Understanding IRS Collection Standards in Lee County, AR
When facing IRS collection actions in Lee County, Arkansas, understanding the IRS Collection Financial Standards is paramount. These standards, published by the IRS and derived from US Census Bureau American Community Survey and Bureau of Labor Statistics data, dictate how the IRS calculates a taxpayer's disposable income on Form 433-A, Collection Information Statement. The IRS uses these National and Local Standards to determine your ability to pay your tax debt. For instance, the National Standards allow a single person $812 per month for food, clothing, and other necessities. While specific housing allowances are not provided for Lee County, AR, the IRS evaluates your actual necessary expenses. If your disposable income is insufficient to cover basic living expenses, you may qualify for economic hardship, which can lead to a levy release under IRC §6343(a)(1)(D) or Currently Not Collectible (CNC) status. Every dollar and every standard is crucial in demonstrating your financial situation.
Lee County, AR Housing & Utilities Allowance vs. HUD Fair Market Rent
For residents of Lee County, Arkansas, the IRS does not publish specific local housing and utilities allowances. In such cases, the IRS evaluates a taxpayer's actual, reasonable housing and utility expenses. This means you must meticulously document your monthly costs. To provide a benchmark for reasonableness, the U.S. Department of Housing & Urban Development (HUD) Fair Market Rent (FMR) for Lee County, AR, indicates a 2-bedroom unit averages $1030.0 per month. If your actual housing costs exceed what the IRS might consider reasonable, you can argue for a deviation from the standard, as outlined in Internal Revenue Manual (IRM) 5.15.1.10. This argument is strengthened when your documented rent, such as $1030.0 for a 2-bedroom, is clearly a necessary expense. Unfortunately, regional Shelter CPI data for Lee County, AR, is not available to provide further context on local housing cost trends.

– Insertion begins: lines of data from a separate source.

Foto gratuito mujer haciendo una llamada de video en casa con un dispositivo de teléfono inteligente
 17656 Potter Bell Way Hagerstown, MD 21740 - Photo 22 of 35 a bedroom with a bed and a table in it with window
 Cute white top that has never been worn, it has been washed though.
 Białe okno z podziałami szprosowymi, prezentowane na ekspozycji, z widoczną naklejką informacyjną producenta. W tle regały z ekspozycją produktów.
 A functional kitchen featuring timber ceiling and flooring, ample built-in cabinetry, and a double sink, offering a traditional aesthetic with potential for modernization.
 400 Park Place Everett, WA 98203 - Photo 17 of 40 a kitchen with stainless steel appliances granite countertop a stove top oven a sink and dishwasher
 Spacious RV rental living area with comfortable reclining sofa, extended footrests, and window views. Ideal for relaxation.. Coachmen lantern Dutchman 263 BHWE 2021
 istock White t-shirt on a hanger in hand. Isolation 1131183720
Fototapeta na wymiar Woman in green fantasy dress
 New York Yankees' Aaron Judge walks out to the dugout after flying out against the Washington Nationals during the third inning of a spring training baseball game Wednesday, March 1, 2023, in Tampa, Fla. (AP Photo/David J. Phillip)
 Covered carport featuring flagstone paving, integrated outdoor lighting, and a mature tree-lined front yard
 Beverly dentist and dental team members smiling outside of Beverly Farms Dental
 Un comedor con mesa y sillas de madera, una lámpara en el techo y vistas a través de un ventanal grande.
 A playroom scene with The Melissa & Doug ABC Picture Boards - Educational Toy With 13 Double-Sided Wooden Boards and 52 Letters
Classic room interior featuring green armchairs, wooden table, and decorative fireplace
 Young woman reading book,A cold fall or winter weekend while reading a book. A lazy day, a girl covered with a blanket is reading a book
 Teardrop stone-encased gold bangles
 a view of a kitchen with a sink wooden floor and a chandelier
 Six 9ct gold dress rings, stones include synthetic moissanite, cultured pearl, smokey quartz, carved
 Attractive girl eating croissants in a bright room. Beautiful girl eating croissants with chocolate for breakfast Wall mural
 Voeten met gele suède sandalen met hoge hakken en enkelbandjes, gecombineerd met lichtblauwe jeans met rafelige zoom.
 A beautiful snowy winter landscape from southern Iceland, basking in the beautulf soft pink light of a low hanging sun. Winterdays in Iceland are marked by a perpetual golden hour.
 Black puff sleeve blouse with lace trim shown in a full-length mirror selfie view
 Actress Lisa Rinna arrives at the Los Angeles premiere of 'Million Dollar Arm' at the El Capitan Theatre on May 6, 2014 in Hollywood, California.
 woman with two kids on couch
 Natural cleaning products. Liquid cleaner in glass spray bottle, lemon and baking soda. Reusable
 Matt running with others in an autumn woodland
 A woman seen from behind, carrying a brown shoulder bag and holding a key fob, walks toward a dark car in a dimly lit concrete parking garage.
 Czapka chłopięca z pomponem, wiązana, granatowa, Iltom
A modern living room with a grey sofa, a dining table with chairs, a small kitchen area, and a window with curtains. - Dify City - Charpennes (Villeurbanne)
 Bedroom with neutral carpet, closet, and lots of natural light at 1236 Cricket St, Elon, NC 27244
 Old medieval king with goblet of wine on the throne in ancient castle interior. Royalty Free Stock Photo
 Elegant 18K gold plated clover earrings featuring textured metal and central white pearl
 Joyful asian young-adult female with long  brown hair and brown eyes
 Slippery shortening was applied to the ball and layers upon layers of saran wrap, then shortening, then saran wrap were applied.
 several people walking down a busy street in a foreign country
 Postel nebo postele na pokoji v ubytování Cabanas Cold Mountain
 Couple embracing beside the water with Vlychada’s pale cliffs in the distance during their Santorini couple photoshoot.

Food, Healthcare & Transportation Allowances
The IRS Collection Financial Standards provide specific allowances for essential living expenses. For food, clothing, and other necessities, National Standards are applied uniformly across the U.S. A single individual in Lee County, AR, is allocated $812 monthly, a two-person household $1478, a three-person household $1697, and a four-person household $1983, with an additional $357 for each extra person. These figures are based on the Bureau of Labor Statistics Consumer Expenditure Survey. Healthcare is also covered by National Standards, allowing $75 per person monthly for those under 65 and $153 for those 65 and over, derived from the Medical Expenditure Panel Survey. For transportation in Lee County, AR, Local Standards allocate $588 for one car ownership and $270 for operating costs, totaling $858 per month for one vehicle. These rates are based on Bureau of Labor Statistics data and American Automobile Association operating costs, acknowledging the necessity of transportation for work and essential activities.
Qualifying for Currently Not Collectible (CNC) Status in Arkansas
Achieving Currently Not Collectible (CNC) status in Arkansas is a critical relief option for taxpayers facing severe financial hardship. To qualify, you must demonstrate to the IRS that your allowable monthly living expenses exceed your net disposable income. This assessment is primarily done through IRS Form 433-A, Collection Information Statement. For example, a single filer in Lee County, AR, might calculate their essential expenses as: $1030.0 for housing (using HUD FMR for a 2-bedroom as a reasonable proxy given no specific IRS local housing standard), $812 for food, clothing, and other items, $75 for healthcare (under 65), and $858 for transportation (one car ownership and operating). This totals $2775.0 in monthly allowable expenses. If your verifiable net income is less than this amount, the IRS may grant CNC status under IRM 5.16.1, pausing collection efforts and potentially leading to the release of any existing levies under IRC §6343. Importantly, while in CNC, the 10-year Collection Statute Expiration Date (CSED) under IRC §6502 continues to run, meaning the debt can expire even without payment if your financial situation doesn't improve.